Furthermore, I never suggested that unethical conduct of any kind would be tolerated.  During my tenure as CEO, I believe all company employees, from senior managers to sales personnel, were required to act in compliance with Qwest's Code of Conduct.  The Qwest Code of Conduct is a set of guidelines demanding the highest levels of ethics and responsibility, including specific directives against falsifying financial records or using unethical or deceptive means to make sales.  It is my understanding that in appropriate cases, employees found to have engaged in unethical or illegal conduct were disciplined, discharged, and in some cases referred to law enforcement authorities for prosecution.  Recent suggestions that Qwest's workers operated in an ethical vacuum cast an undeserved stigma upon the company's 55,000 men and women who built one of the most robust and diverse telecommunications companies in the country. 

It is true that I earned significant compensation from the sale of Qwest stock.  The compensation I received as CEO was honestly come by.  I paid full taxes on it.  I worked my entire 32-year career in the telecom industry as an engineer, a marketing executive, and then a senior executive.  I was not born into wealth.  I want this Committee to know, as the press has seen fit to ignore, that my stock sales derived from stock options granted in 1997 that carried a 5-and-a-half year maturity, leaving me with the choice of exercising the options or losing them entirely.  I sold shares based upon the advice of my financial advisors in order to diversify my holdings.  Yet I have always remained heavily invested in Qwest, and today I still hold 470,000 Qwest shares.  When I sold shares, I did so in full compliance with all applicable regulations, and with all necessary and appropriate disclosures to the SEC and the Board of Directors.  I always believed in the value of the company, and when I eventually implemented a daily stock-selling plan, I placed a stop order at 38 dollars, a stop order that I never lifted.  As a result, once Qwest stock dropped below 38 dollars in May 2001, I never exercised my remaining options, roughly two thirds of those I was granted from Qwest, and I never sold a single share of Qwest stock. 
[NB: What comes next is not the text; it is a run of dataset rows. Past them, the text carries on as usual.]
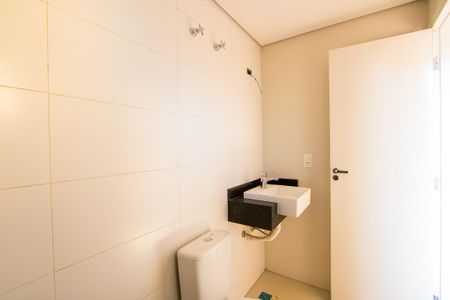 Apartamento à venda com 168m², 3 quartos e 3 vagasBanheiro do quarto 2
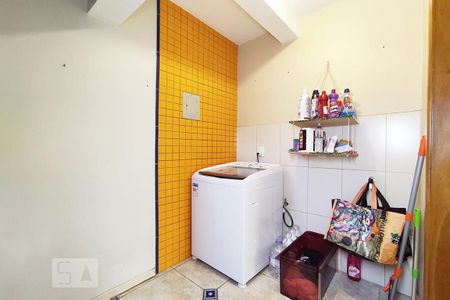 Casa à venda com 90m², 3 quartos e 2 vagasCozinha e Área de Serviço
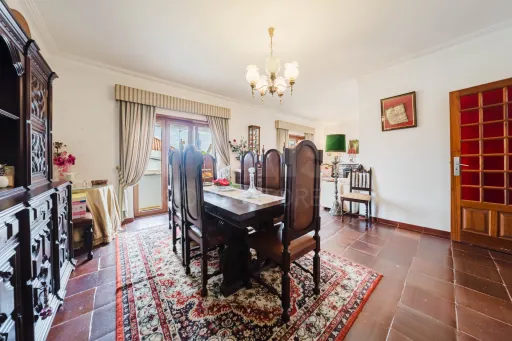Moradia Isolada T7 no Bombarral | Espaço, Tranquilidade e Proximidade do Centro 🏡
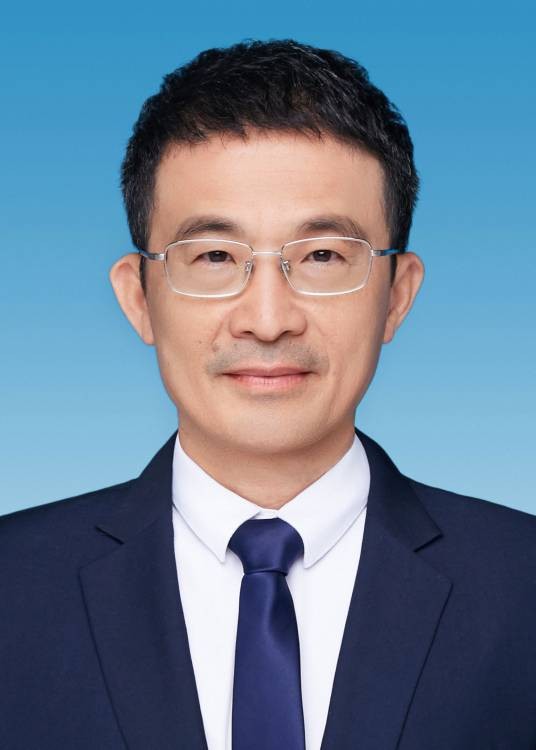 何小鹏（海南省住房和城乡建设厅原二级巡视员）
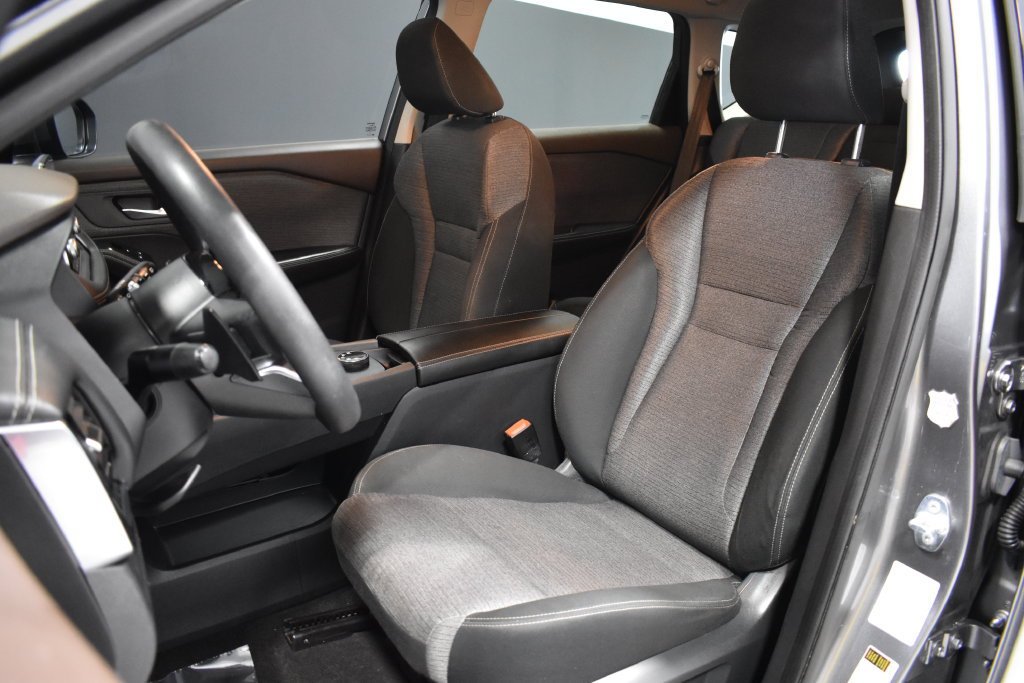 Used 2021 Nissan Rogue SV AWD/4WD image 5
At any time I sold Qwest stock, I believed that the company's financial statements represented a full and accurate picture of its financial condition.  I regret that I was unable to complete the job of building Qwest into the global telecommunications leader we had envisioned, and I am truly sorry for any losses suffered by Qwest's shareholders and for the thousands of Qwest employees who lost their jobs as the telecommunications industry and the company fell into hard times.  I now appear voluntarily before this honorable Committee to answer all of its questions completely and to the best of my ability.